(Stored items from a collection)

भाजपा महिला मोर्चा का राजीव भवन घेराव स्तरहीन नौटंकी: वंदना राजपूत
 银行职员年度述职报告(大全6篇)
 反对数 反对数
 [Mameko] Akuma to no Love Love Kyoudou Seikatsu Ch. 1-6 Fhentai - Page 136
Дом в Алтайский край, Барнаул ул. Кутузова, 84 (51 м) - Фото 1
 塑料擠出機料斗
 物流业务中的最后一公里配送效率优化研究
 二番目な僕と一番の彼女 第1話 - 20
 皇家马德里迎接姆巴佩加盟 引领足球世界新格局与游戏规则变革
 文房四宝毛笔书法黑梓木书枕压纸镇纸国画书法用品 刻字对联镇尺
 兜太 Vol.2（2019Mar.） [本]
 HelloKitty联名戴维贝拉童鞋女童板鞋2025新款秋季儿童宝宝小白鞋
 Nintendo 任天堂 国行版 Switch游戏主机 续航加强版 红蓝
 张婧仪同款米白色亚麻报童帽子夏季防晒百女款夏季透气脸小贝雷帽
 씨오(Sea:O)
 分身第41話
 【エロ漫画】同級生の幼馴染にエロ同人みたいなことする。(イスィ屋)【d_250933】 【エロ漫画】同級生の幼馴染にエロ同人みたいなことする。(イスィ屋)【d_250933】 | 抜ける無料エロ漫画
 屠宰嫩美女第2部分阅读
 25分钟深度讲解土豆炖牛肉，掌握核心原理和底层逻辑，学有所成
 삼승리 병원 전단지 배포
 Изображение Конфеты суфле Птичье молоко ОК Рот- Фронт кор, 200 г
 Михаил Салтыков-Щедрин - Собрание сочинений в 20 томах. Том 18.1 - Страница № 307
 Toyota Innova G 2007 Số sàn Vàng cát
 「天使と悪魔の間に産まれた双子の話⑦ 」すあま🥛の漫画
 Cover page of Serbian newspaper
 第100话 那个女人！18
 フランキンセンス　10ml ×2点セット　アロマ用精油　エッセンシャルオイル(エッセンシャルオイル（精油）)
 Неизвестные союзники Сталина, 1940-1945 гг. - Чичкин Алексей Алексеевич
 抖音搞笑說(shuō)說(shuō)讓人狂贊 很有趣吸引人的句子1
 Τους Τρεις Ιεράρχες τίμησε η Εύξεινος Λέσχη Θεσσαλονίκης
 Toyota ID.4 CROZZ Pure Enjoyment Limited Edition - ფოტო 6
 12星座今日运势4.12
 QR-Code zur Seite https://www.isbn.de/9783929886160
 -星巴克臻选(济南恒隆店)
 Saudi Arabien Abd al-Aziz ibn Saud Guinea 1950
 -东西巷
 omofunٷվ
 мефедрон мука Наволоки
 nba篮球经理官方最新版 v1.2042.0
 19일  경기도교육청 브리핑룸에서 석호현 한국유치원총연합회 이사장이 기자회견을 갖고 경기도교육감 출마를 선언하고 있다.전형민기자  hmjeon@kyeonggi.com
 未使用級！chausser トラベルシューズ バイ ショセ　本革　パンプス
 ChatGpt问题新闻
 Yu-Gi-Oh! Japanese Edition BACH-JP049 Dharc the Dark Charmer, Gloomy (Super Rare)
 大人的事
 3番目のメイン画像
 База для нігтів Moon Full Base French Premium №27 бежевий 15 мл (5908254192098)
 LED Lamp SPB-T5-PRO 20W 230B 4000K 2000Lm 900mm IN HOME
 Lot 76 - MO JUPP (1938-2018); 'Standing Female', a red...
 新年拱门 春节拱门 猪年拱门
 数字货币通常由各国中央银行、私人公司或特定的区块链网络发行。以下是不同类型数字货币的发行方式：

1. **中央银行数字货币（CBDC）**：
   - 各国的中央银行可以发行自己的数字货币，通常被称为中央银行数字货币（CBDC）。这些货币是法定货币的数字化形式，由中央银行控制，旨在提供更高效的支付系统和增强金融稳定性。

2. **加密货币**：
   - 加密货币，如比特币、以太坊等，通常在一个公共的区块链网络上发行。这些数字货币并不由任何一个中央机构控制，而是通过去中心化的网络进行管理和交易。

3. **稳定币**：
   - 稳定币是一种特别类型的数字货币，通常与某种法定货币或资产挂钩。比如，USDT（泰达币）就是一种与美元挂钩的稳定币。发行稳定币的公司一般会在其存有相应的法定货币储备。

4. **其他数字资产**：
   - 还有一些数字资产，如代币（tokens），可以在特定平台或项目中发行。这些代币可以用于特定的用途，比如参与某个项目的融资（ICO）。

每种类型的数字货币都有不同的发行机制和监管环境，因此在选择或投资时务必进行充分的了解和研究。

§ **What is required**
Look back at the entries above. Retype the line with "抖音搞笑說(shuō)說(shuō)讓人狂贊 很有趣吸引人的句子1", the line with "- 稳定币是一种特别类型的数", and all lines in between.

§ **Written solution**
 抖音搞笑說(shuō)說(shuō)讓人狂贊 很有趣吸引人的句子1
 Τους Τρεις Ιεράρχες τίμησε η Εύξεινος Λέσχη Θεσσαλονίκης
 Toyota ID.4 CROZZ Pure Enjoyment Limited Edition - ფოტო 6
 12星座今日运势4.12
 QR-Code zur Seite https://www.isbn.de/9783929886160
 -星巴克臻选(济南恒隆店)
 Saudi Arabien Abd al-Aziz ibn Saud Guinea 1950
 -东西巷
 omofunٷվ
 мефедрон мука Наволоки
 nba篮球经理官方最新版 v1.2042.0
 19일  경기도교육청 브리핑룸에서 석호현 한국유치원총연합회 이사장이 기자회견을 갖고 경기도교육감 출마를 선언하고 있다.전형민기자  hmjeon@kyeonggi.com
 未使用級！chausser トラベルシューズ バイ ショセ　本革　パンプス
 ChatGpt问题新闻
 Yu-Gi-Oh! Japanese Edition BACH-JP049 Dharc the Dark Charmer, Gloomy (Super Rare)
 大人的事
 3番目のメイン画像
 База для нігтів Moon Full Base French Premium №27 бежевий 15 мл (5908254192098)
 LED Lamp SPB-T5-PRO 20W 230B 4000K 2000Lm 900mm IN HOME
 Lot 76 - MO JUPP (1938-2018); 'Standing Female', a red...
 新年拱门 春节拱门 猪年拱门
 数字货币通常由各国中央银行、私人公司或特定的区块链网络发行。以下是不同类型数字货币的发行方式：

1. **中央银行数字货币（CBDC）**：
   - 各国的中央银行可以发行自己的数字货币，通常被称为中央银行数字货币（CBDC）。这些货币是法定货币的数字化形式，由中央银行控制，旨在提供更高效的支付系统和增强金融稳定性。

2. **加密货币**：
   - 加密货币，如比特币、以太坊等，通常在一个公共的区块链网络上发行。这些数字货币并不由任何一个中央机构控制，而是通过去中心化的网络进行管理和交易。

3. **稳定币**：
   - 稳定币是一种特别类型的数字货币，通常与某种法定货币或资产挂钩。比如，USDT（泰达币）就是一种与美元挂钩的稳定币。发行稳定币的公司一般会在其存有相应的法定货币储备。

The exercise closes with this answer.